Find $E[Y_5\vert Y_1 = y_1]$ where $Y_t = \cos(tW)$ and $W$ is uniform on $[0,2\pi]$
So I think this is as follows:
Given the definitions of $Y_t$ and $W$ in the title, and Since we know $Y_1=y_1$, we know $W=w$.
That is, $$ w = \cos^{-1}{(1\cdot y_1)} =\cos^{-1}{(y_1)} $$ Thus, we by knowing $Y_1=y_1$ we know $W=w$, and thus $$ E[Y_5\vert Y= y_1] = E[\cos{(5\cdot W)}\vert y_1] = \cos{(5\cdot w)} =\cos{(5\cdot \cos^{-1}{(y_1)})} $$
I am wondering if this simplifies further, or if I made a mistake? It just seems a bit messy to me (although I guess it is easy numerically)

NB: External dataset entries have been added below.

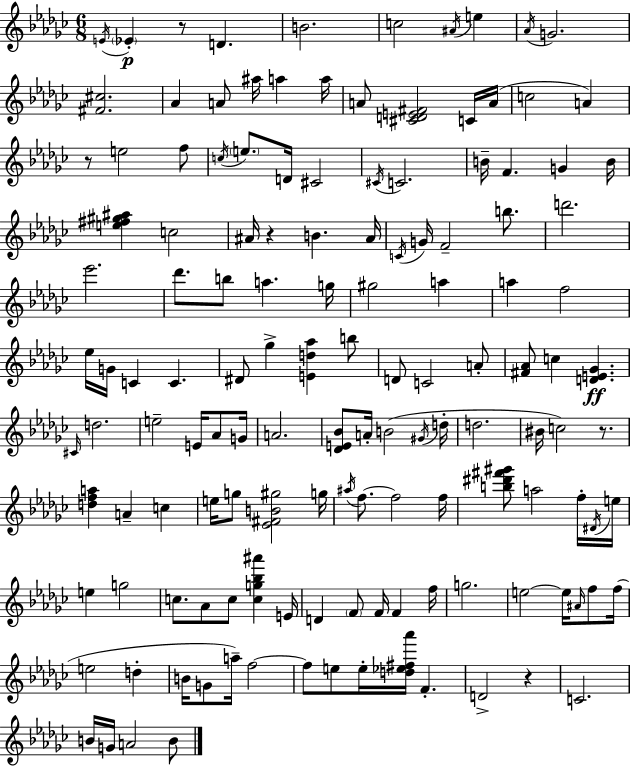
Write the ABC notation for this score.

X:1
T:Untitled
M:6/8
L:1/4
K:Ebm
E/4 _E z/2 D B2 c2 ^A/4 e _A/4 G2 [^F^c]2 _A A/2 ^a/4 a a/4 A/2 [^CDE^F]2 C/4 A/4 c2 A z/2 e2 f/2 c/4 e/2 D/4 ^C2 ^C/4 C2 B/4 F G B/4 [e^f^g^a] c2 ^A/4 z B ^A/4 C/4 G/4 F2 b/2 d'2 _e'2 _d'/2 b/2 a g/4 ^g2 a a f2 _e/4 G/4 C C ^D/2 _g [Ed_a] b/2 D/2 C2 A/2 [^F_A]/2 c [DE_G] ^C/4 d2 e2 E/4 _A/2 G/4 A2 [_DE_B]/2 A/4 B2 ^G/4 d/4 d2 ^B/4 c2 z/2 [dfa] A c e/4 g/2 [_E^FB^g]2 g/4 ^a/4 f/2 f2 f/4 [b^d'^f'^g']/2 a2 f/4 ^D/4 e/4 e g2 c/2 _A/2 c/2 [cg_b^a'] E/4 D F/2 F/4 F f/4 g2 e2 e/4 ^A/4 f/2 f/4 e2 d B/4 G/2 a/4 f2 f/2 e/2 e/4 [d_e^f_a']/4 F D2 z C2 B/4 G/4 A2 B/2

For every real number $w$, $$\cos(5w)=16(\cos w)^5-20(\cos w)^3+5\cos w$$ hence $$Y_5=\cos(5W)=16(\cos W)^5-20(\cos W)^3+5\cos W=16Y_1^5-20Y_1^3+5Y_1$$ This shows that $Y_5$ is $\sigma(Y_1)$-measurable and that $$E(Y_5\mid Y_1)=Y_5=16Y_1^5-20Y_1^3+5Y_1$$ which implies that, for every real number $y_1$, $$E(Y_5\mid Y_1=y_1)=16y_1^5-20y_1^3+5y_1$$ This result holds for every distribution of $W$.